How much did chickpeas cost in AD 301? The Epigraphical Museum aims at answering this and other questions in its series of events on September 22.
At the National Archaeological Museum, the program is aimed at primary school children and centers on drinking vessels and the “food of the gods.” There will also be storytelling of ancient myths.
The Numismatic Museum is where those who are fascinated by finance should go, as its displays will detail developments in the cost of food from antiquity to the present, while at the Ancient Agora and the Stoa of Attalos, the menu looks at the culinary habits of Athenians in Classical antiquity.
The Kaisariani Monastery will be offering information on eating habits during Byzantine times, the Jewish History Museum will be offering visitors a taste of Greek-Jewish cuisine, with free samples, and the Museum of Greek Folk Art looks at the herbs and spices that give each recipe is special flavors.
How many different flavors can there be in a feast? The question is answered by the Greek Children’s Museum. In Piraeus, the Nautical Museum does what it knows best and looks at the maritime trade of foodstuffs throughout Greece.

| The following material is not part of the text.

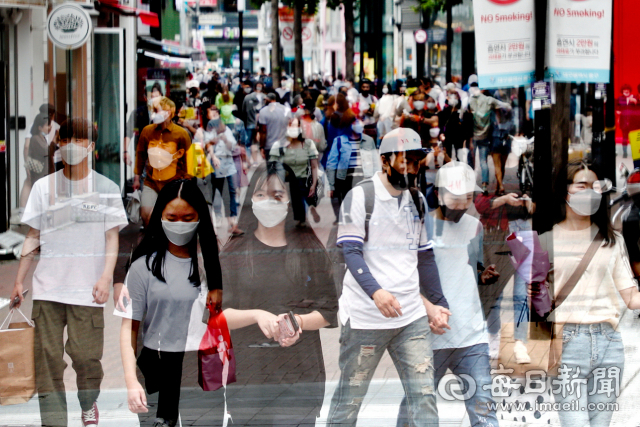 다중이용시설이 밀집해 있는 대구 동성로에서 지난 24일 시민들이 마스크를 착용한 채 이동하고 있다. 우태욱 기자 woo@imaeil.com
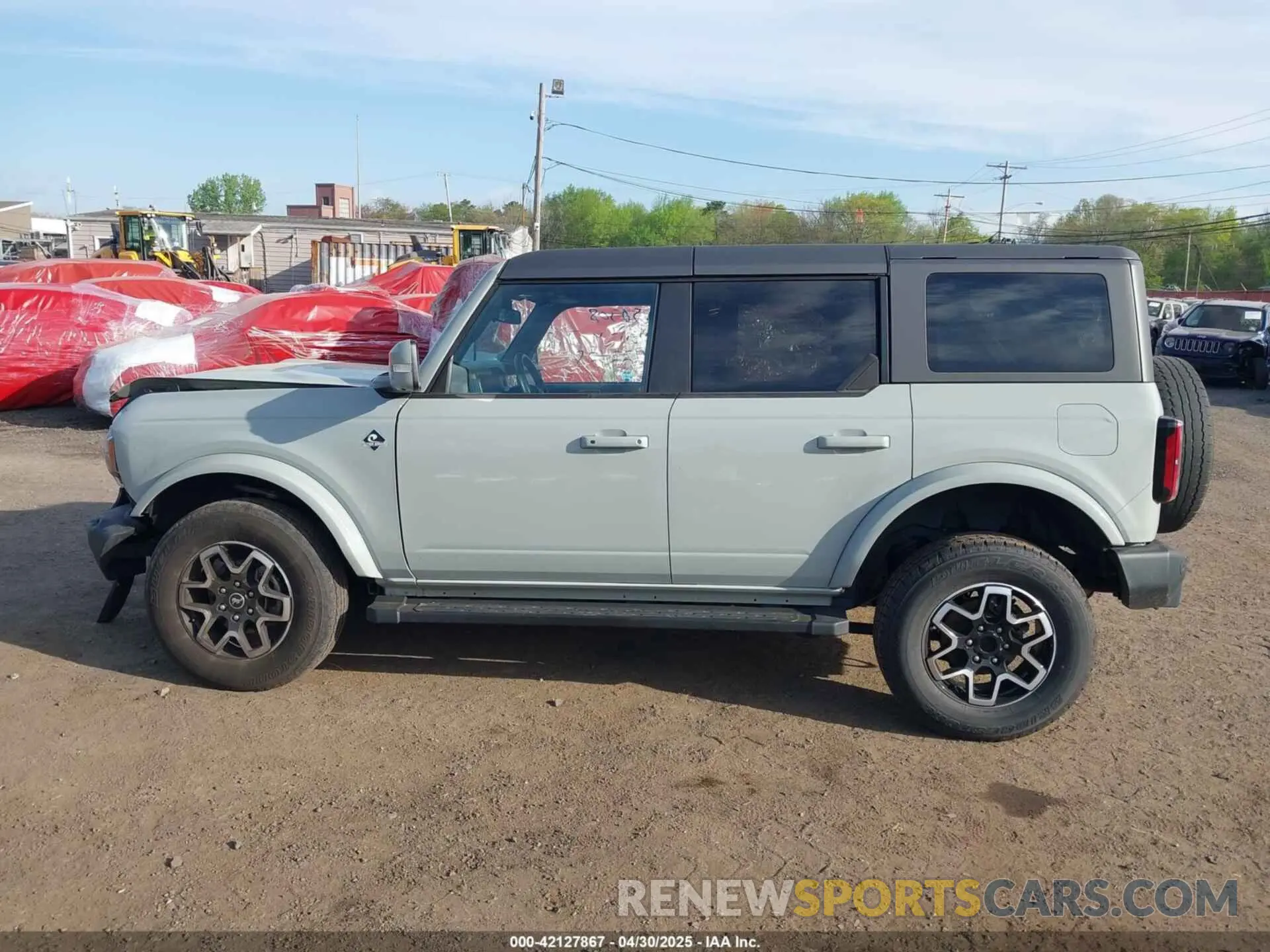 14 Photograph of a damaged car 1FMDE5BH3PLA90591 FORD BRONCO 2023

Up north, in Veria, the Byzantine Museum is putting together a three-day event titled “Memories of Taste,” with lectures by recipe guru Evi Voutsina on bread making and vintner Yiannis Boutaris on wine. During the same period, in Thessaloniki, the Museum of Byzantine Culture invites the audience to a photography exhibition on the theme of food and also has a special event lined up for children. The Archaeological Museum of Thessaloniki looks at the relationship between food and communication in a new exhibition on the habits and practices of eating.
In Volos, there will be a different twist on the theme, with the Athanassakeio Foundation zooming in on the eating habits of athletes in antiquity. In Amfissa, the theme is art at the table, while in Mycenae it is hardly surprising that they will be looking at the culinary habits of the Mycenaean civilization (this exhibition will run from September 23 to the end of the year). Something similar is being done in Olympia, where the local museum has chosen the “Olympic Games’ Closing Ceremony Dinner at the Prytaneion” as its theme.
In Kardamili, in the southern Peloponnese, the exhibitions showcase the lean diet of the people of Mani, while in Sigri, on the island of Lesvos, visitors will learn everything there is to know about the produce of the land over the ages.